- _Exercise_:
Find the line that contains "137 Bus Line Map"; please output it and each line after it, exactly as shown, up to the end of the entries below, skipping pictures.

- _Caption-style text data_:
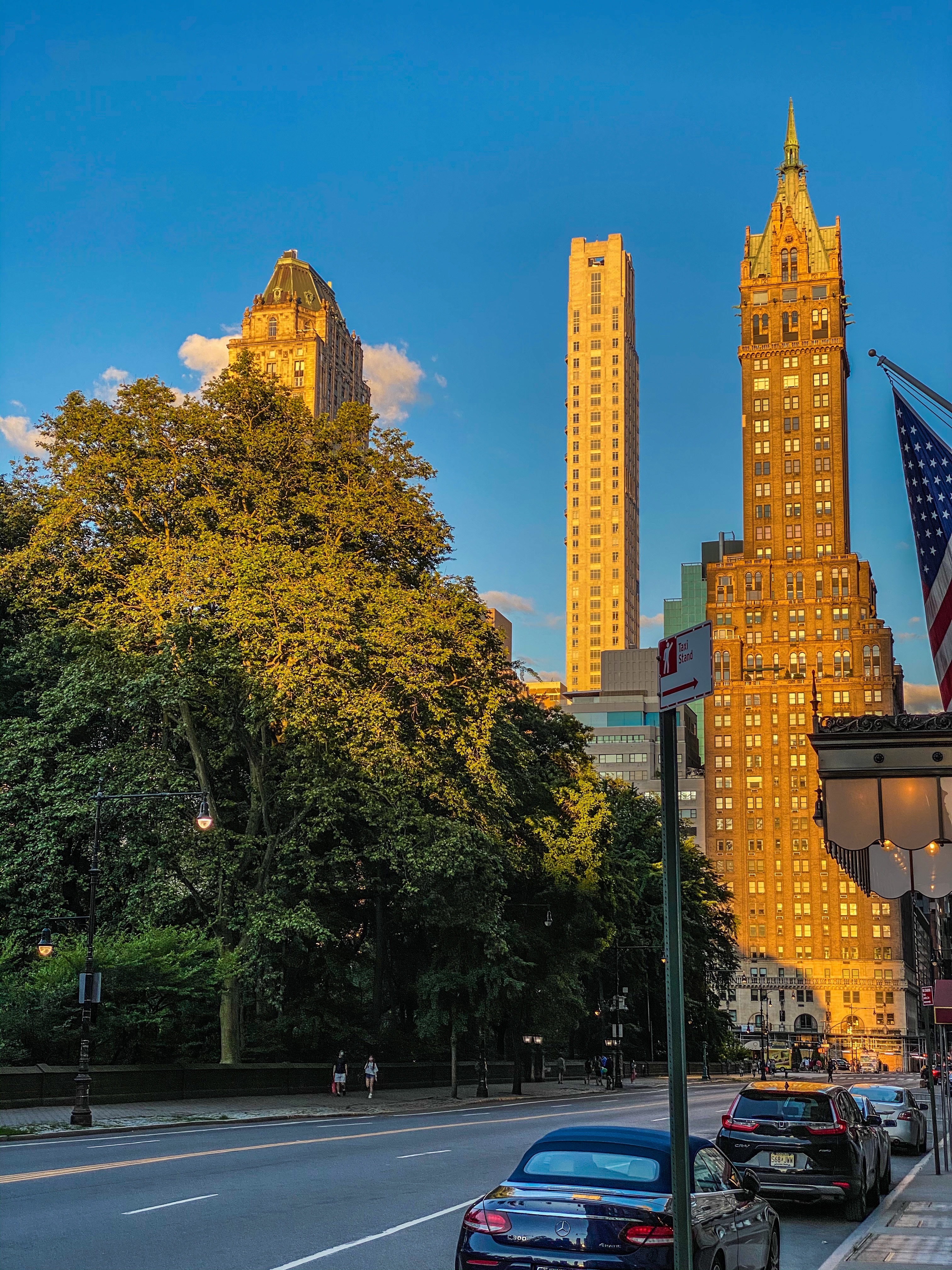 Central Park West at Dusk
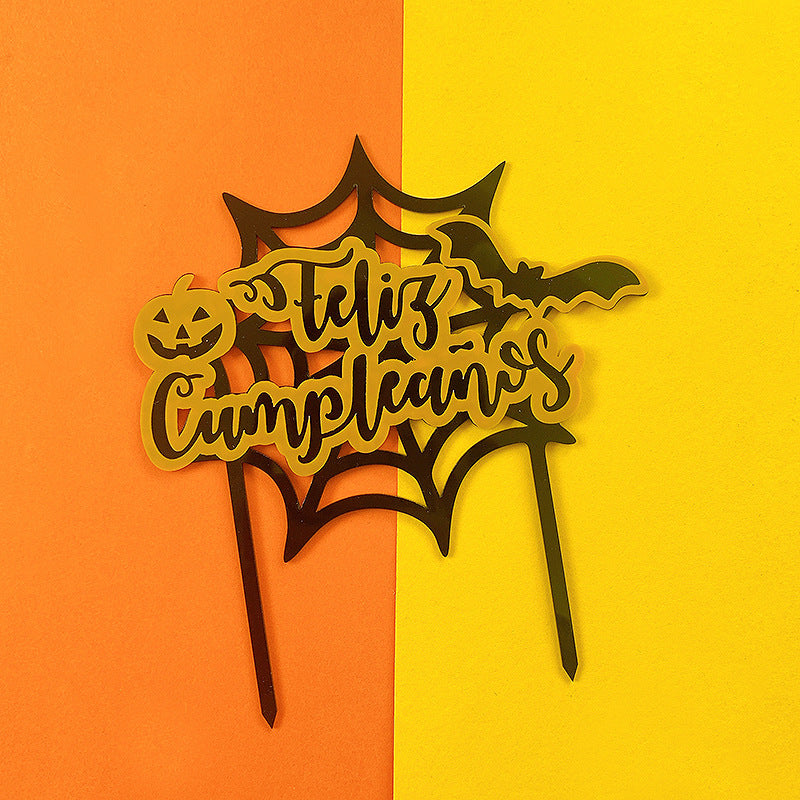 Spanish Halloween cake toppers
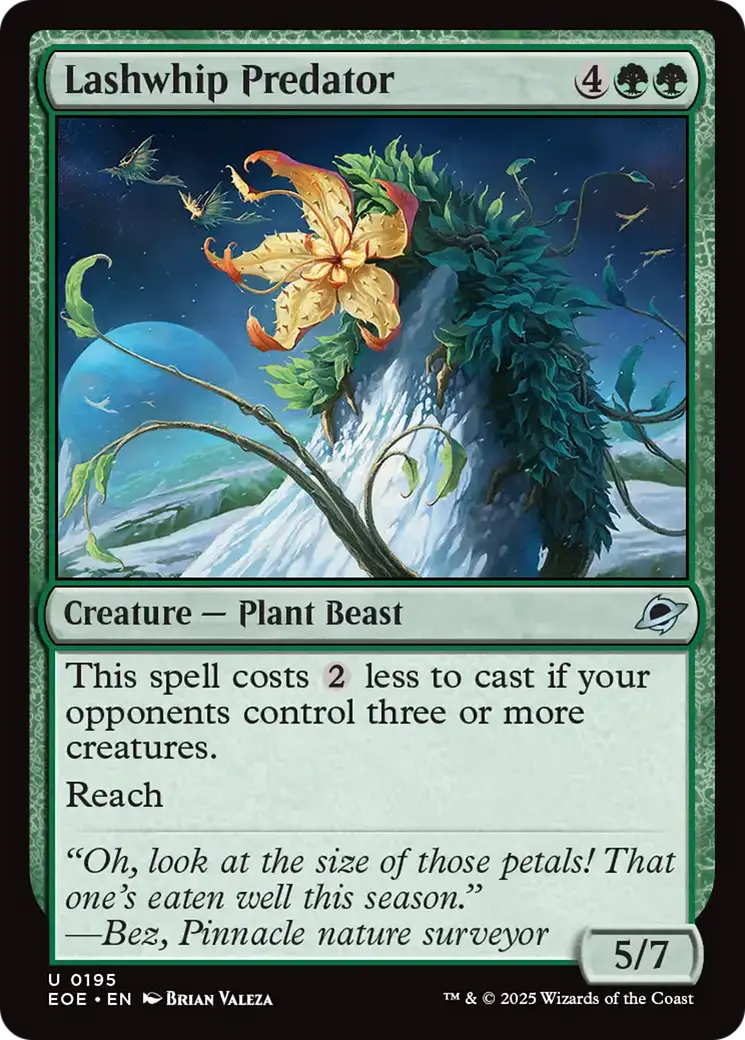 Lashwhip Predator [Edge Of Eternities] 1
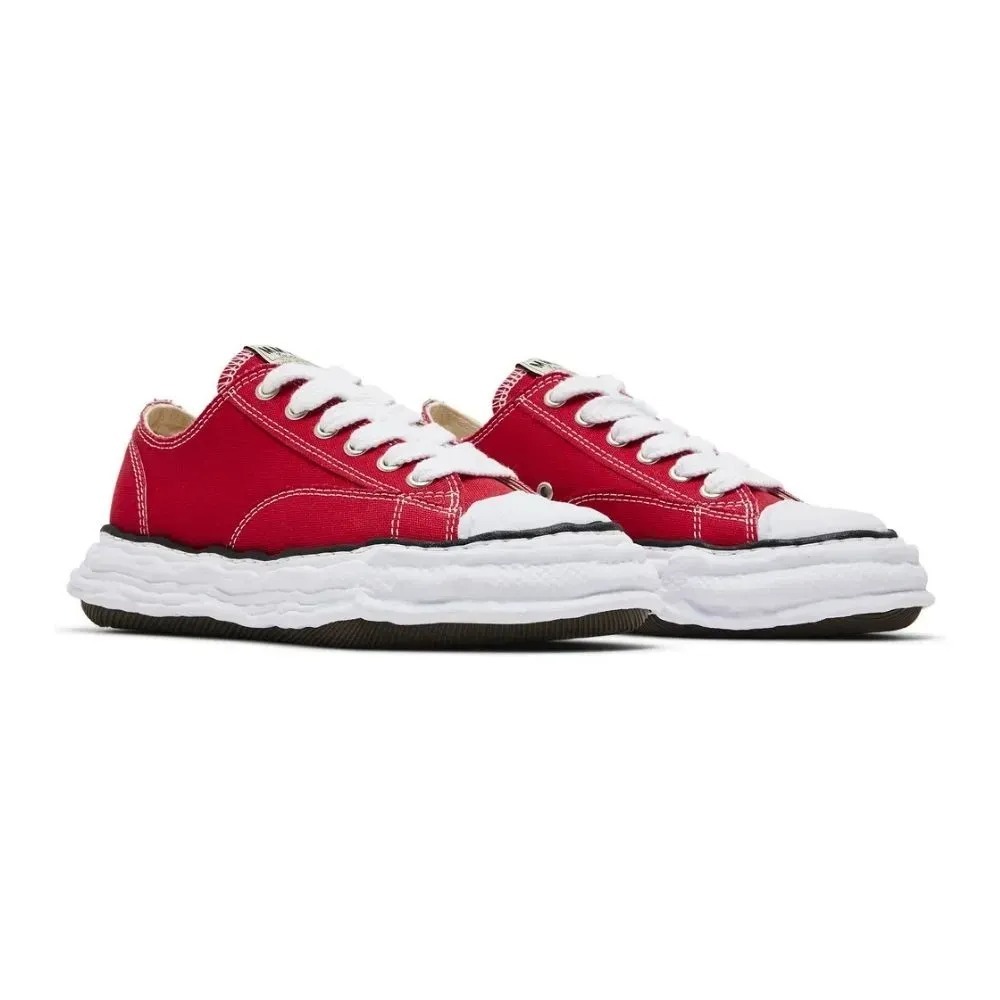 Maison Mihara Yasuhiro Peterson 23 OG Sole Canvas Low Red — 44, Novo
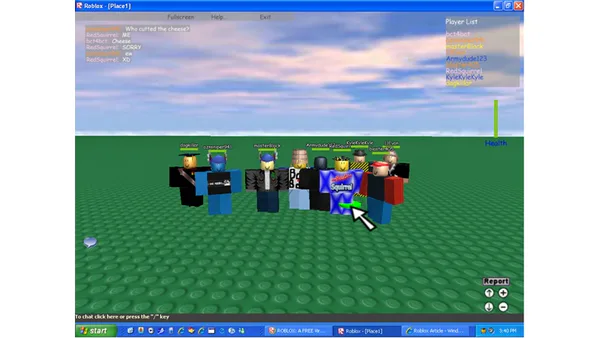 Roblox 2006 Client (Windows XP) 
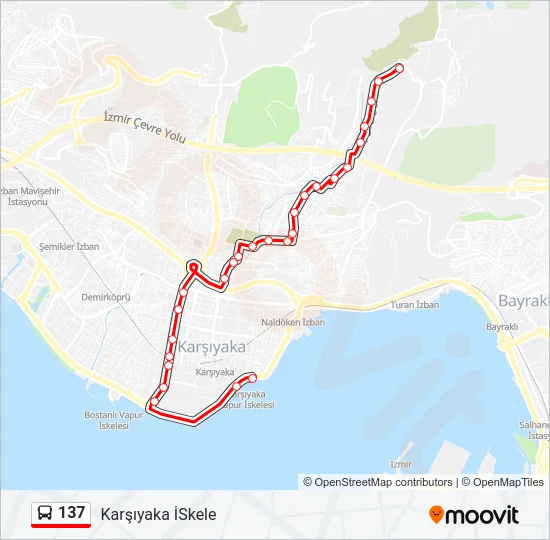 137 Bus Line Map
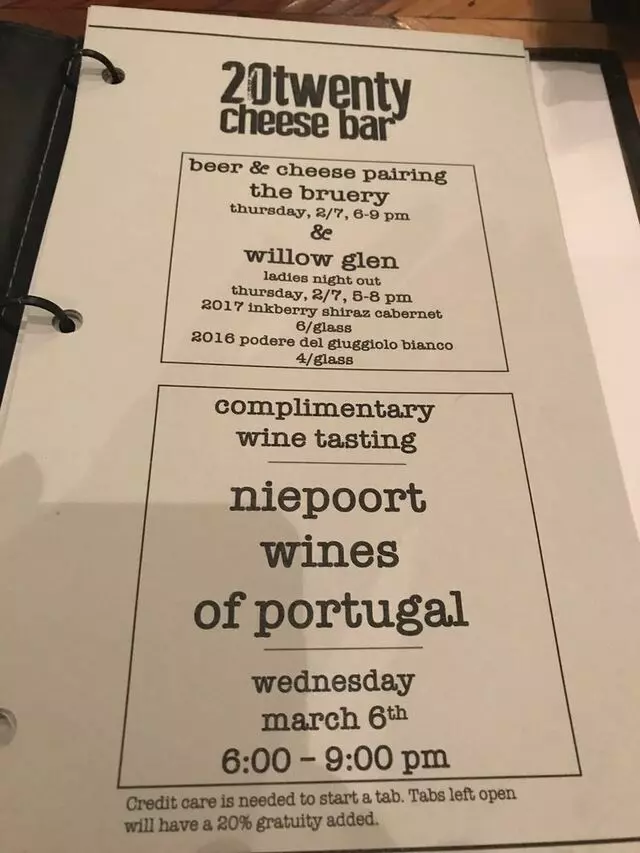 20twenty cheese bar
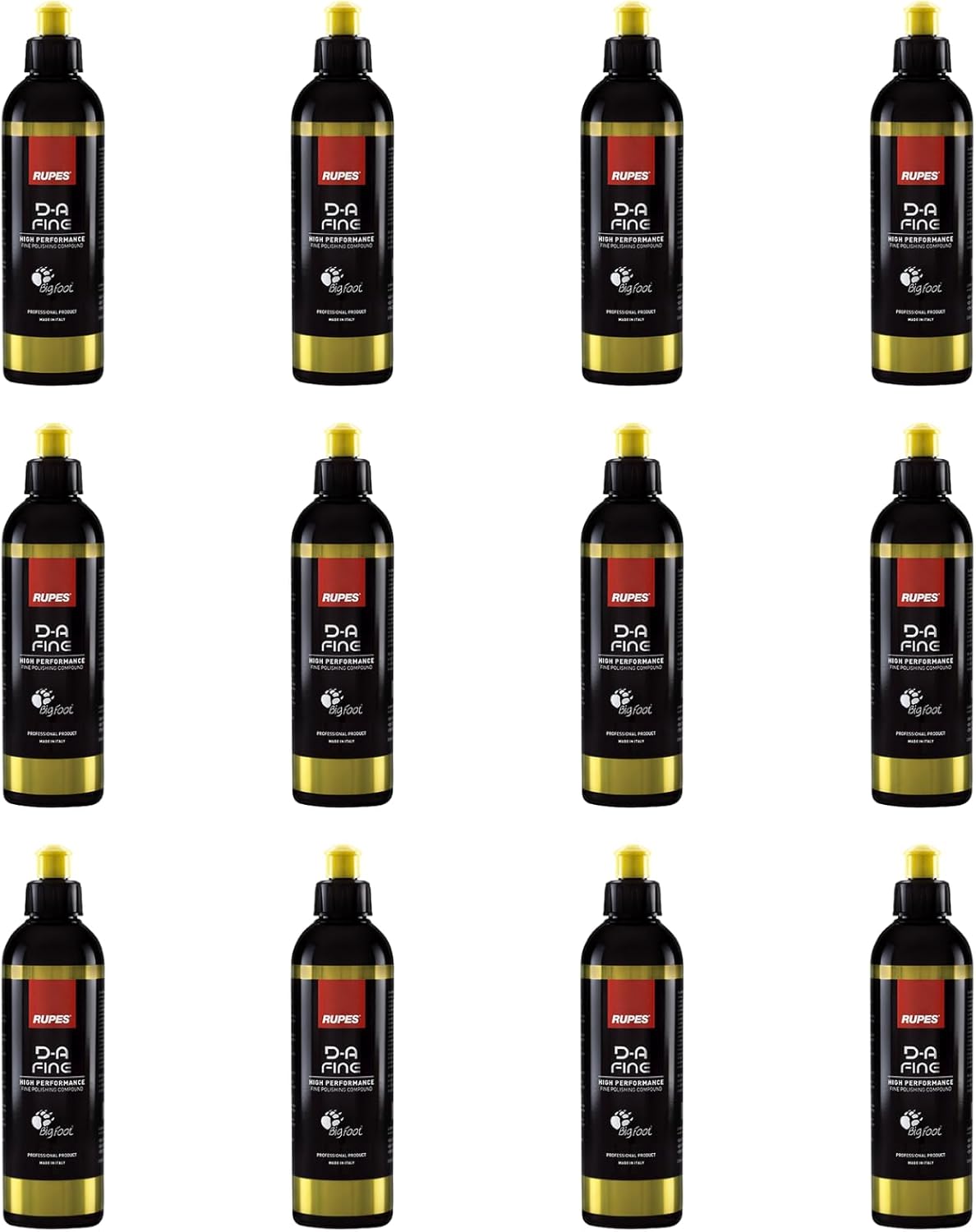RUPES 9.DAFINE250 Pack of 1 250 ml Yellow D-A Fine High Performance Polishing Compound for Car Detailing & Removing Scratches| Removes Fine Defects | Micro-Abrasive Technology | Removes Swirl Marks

- _Task answer_:
 137 Bus Line Map
 20twenty cheese bar
RUPES 9.DAFINE250 Pack of 1 250 ml Yellow D-A Fine High Performance Polishing Compound for Car Detailing & Removing Scratches| Removes Fine Defects | Micro-Abrasive Technology | Removes Swirl Marks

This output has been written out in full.